- Information provided
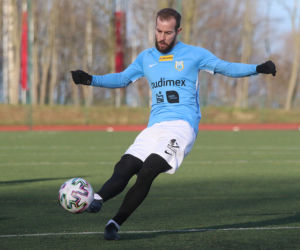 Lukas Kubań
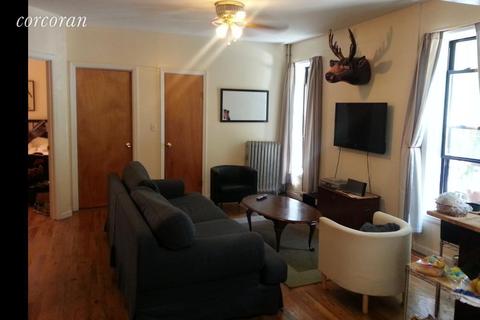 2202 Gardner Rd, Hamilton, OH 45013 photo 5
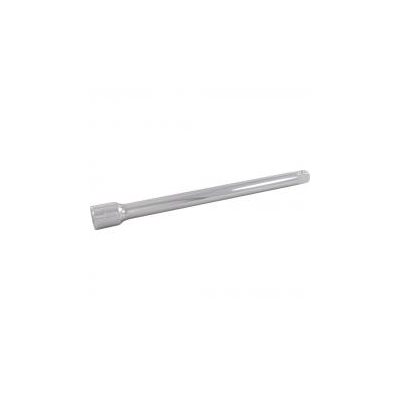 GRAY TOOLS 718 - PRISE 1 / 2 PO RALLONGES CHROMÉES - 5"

- Exercise brief
Everything in the listing must be restated word for word, except for the pictures.

- Task response
 Lukas Kubań
 2202 Gardner Rd, Hamilton, OH 45013 photo 5
 GRAY TOOLS 718 - PRISE 1 / 2 PO RALLONGES CHROMÉES - 5"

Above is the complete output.